What is Peer Review?
Peer review, also called refereeing, is a prepublication process used by most scholarly journals. Before an article is accepted for publication, the editors will send the manuscript to outside experts for review. The reviewers will then provide feedback on the quality of the research in the paper. The author can usually make revisions and resubmit the work for final acceptance.
Why do I care if an article is peer-reviewed?
Peer-reviewed articles are the gold standard for academic research. For students, it means that other experts have read and approved the methods and conclusions of the work, providing extra authority to the piece.
How do I find peer-reviewed articles?
Use subject databases that specialize in the field, which are more likely to include peer-reviewed journals. Many databases also include a "peer-reviewed articles only" checkbox.
Where can I learn more?
Get a quick introduction to peer review, find advanced materials, even learn about what happens when peer review doesn't happen at Scrutinizing Science from Understanding Science: How Science Really Works.
How can I be sure an article is peer-reviewed?
A quick way to tell if an article is peer-reviewed is to look for "submitted/revised/accepted" dates on the first page of the article. These tell you the dates the article went through the various steps of the peer-review process.
You can also look up the journal in UlrichsWeb. Peer-reviewed journals have a symbol that resembles a referee's jersey on them: Be sure to search by the name of the journal, not the title of the article.
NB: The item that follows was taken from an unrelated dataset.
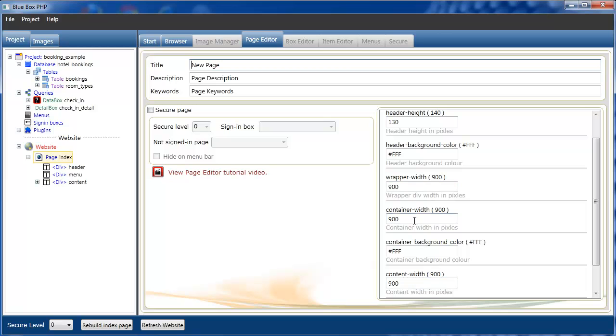The wrapper width and container width are the two main div settings that allow you to set the width. And the content width is this div here, which is where we're dropping most of the content.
Finally, the most authoritative place to look is the journal's homepage. Do a Google search for the name of the journal. Look for a description of the journal that says "peer-reviewed" on its homepage. Also, look at the information for journal editors, article authors, or review policy pages. These will often detail the peer-review process for each journal, including which sections of the journal are reviewed and which are merely edited.